Ke-1.000 pelajar yang dikumpulkan terdiri dari 200 pelajar SMP, 400 pelajar SMA dan 400 pelajar SMK. Mereka dikumpulkan untuk mendapatkan pengarahan dari Dinas Pendidikan DKI Jakarta, Polda Metro Jaya, dan Kopassus.

Ass Intel Kopassus, Kolonel Richard Tampubolon mengatakan, sudah saatnya pelajar menghentikan aksi tawuran di Jakarta. Karena hal itu hanya akan merugikan semua pihak. "Pelajar juga jangan terpengaruh oleh hal apa pun yang berujung pada tawuran," ujar Richard, Rabu (23/10).

Kepala Dinas Pendidikan DKI Jakarta, Taufik Yudi Mulyanto, menambahkan, Jakarta harus bebas dari tawuran pelajar dan tindak kekerasan. Setiap pelajar harus saling menciptakan suasana kondusif agar tawuran tak terjadi lagi. "Selain mendapatkan pengarahan tentang bahaya tawuran pelajar, mereka juga dapat wawasan tentang berlalulintas," kata Taufik Yudi Mulyanto.
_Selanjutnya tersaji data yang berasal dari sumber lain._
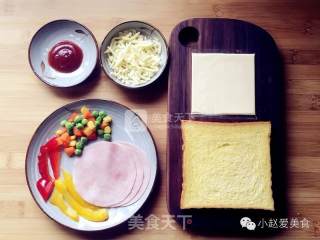 我们都不是天生的好厨子 | 10分钟出炉，4步学做香喷喷的吐司Pizza~的做法步骤：1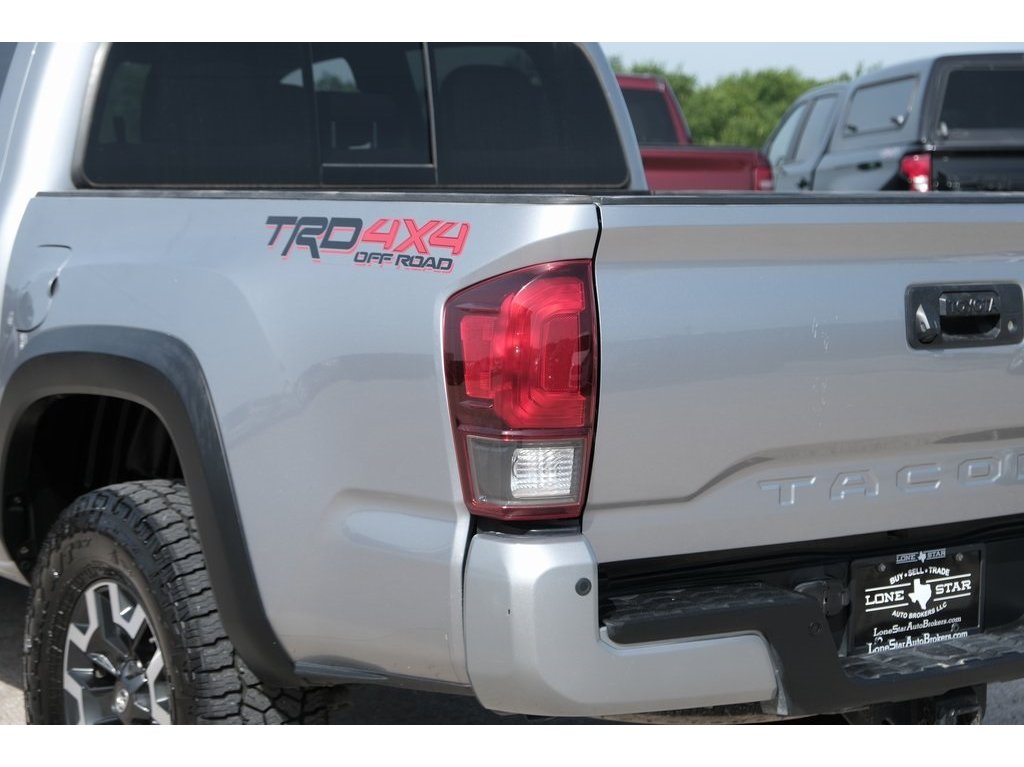 2019 Toyota Tacoma TRD Off-Road photo 25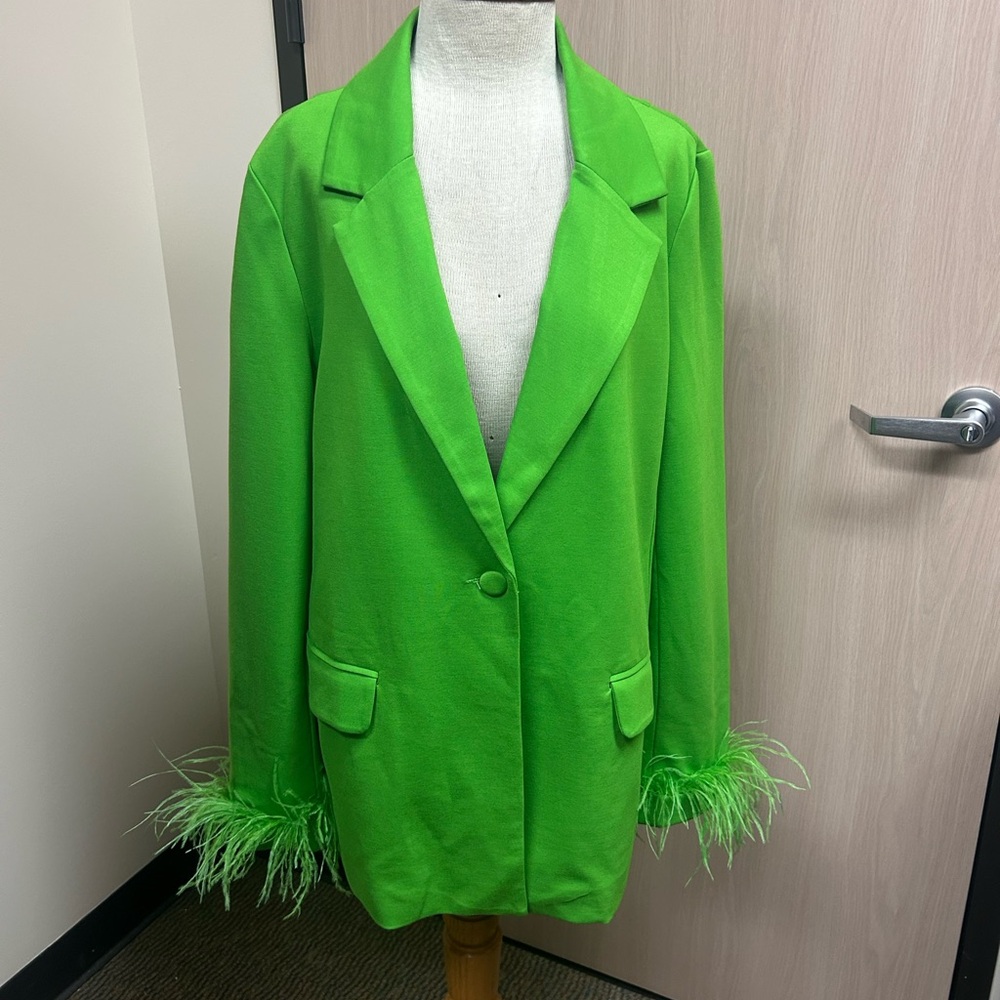 Chic Green Feather-Trimmed Women's Blazer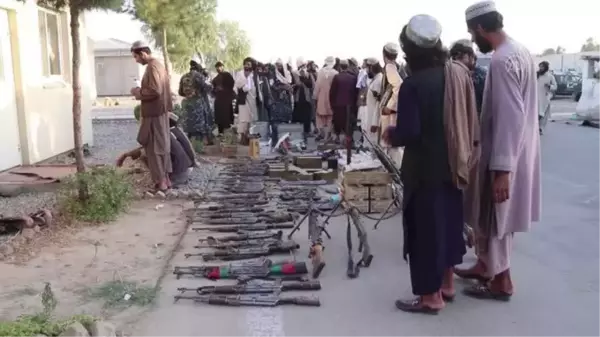 Son dakika... AFGANİSTAN - Taliban, Kandahar'da dört silah kaçakçısını yakaladı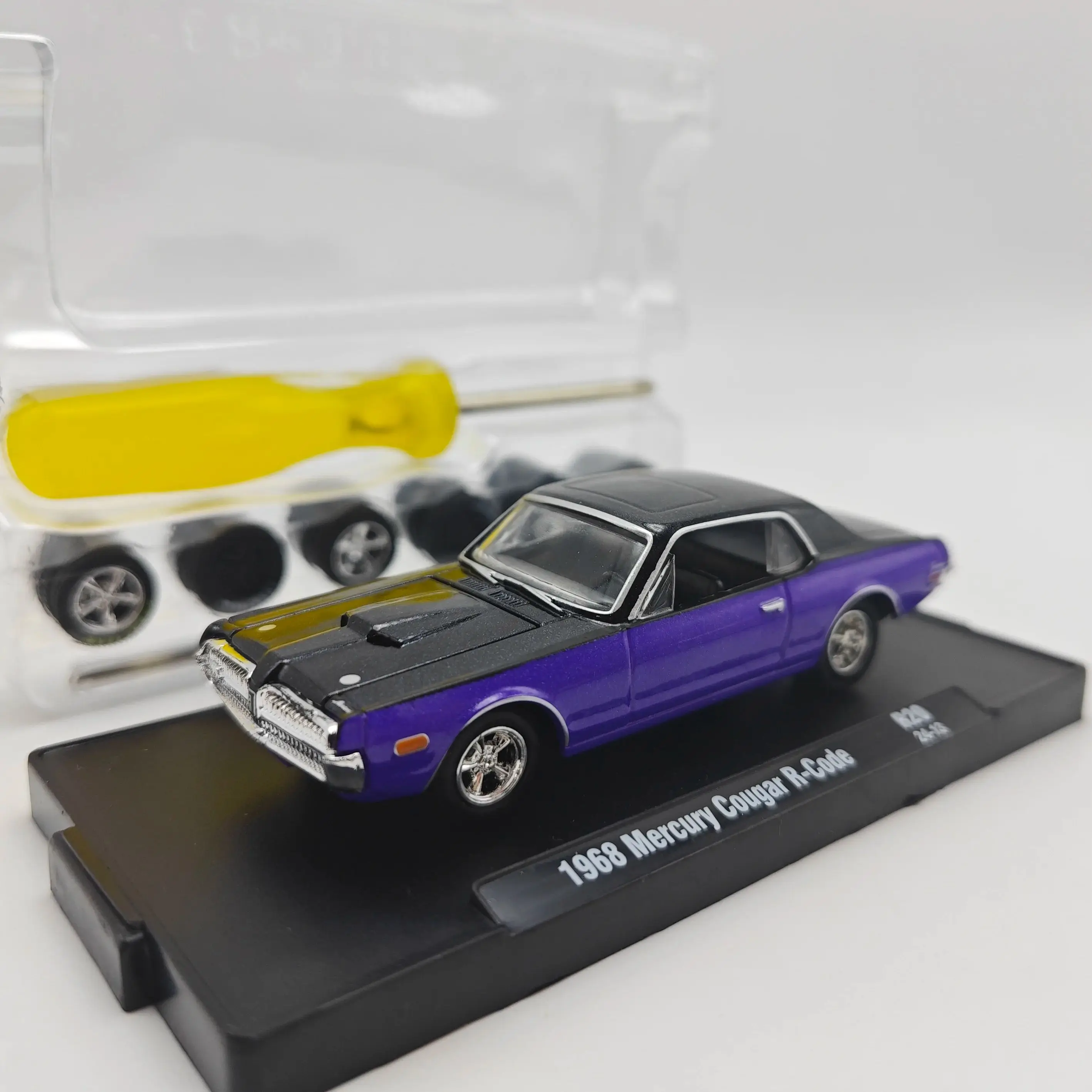 

M2 Model 1:64 1968 Mer-cury Cougar R Code Muscle Car Alloy Car Model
Kasubdit Dikyasa Polda Metro Jaya, AKBP Marsinem menuturkan, para pelajar yang membawa kendaraan pribadi ke sekolah harus tertib berlalulintas. Karenanya melalui pertemuan ini, pihaknya memberikan edukasi tentang cara berkendara atau berlalulintas yang baik. "Tentunya siapapun mereka, seorang pengendara harus tertib dan menaati rambu lalu lintas. Karena melanggar sedikit, dapat membahayakan diri dan pengendara lain dan bisa berakibat fatal,"  kata Warsinem.




PENDAPAT SAYA :
Tawuran terjadi karena konflik yang sepele, biasanya karena 1 orang yang memprovokasi teman-temannya agar menyerang sekolah lain. Itu harusnya tidak terjadi bila pelajar mendapat pendidikan moral yang baik dirumah maupun disekolah. Artikel diatas juga sudah memperlihatkan Pemerintah sudah berusaha mengasih pengarahan kepada pelajar itu hal yang sangat positif. Peran lingkungan sangat mempengaruhi sifat tercela tersebut. Solusinya yaitu memperketat keamanan ditempat yang sering terjadi tawuran pelajar.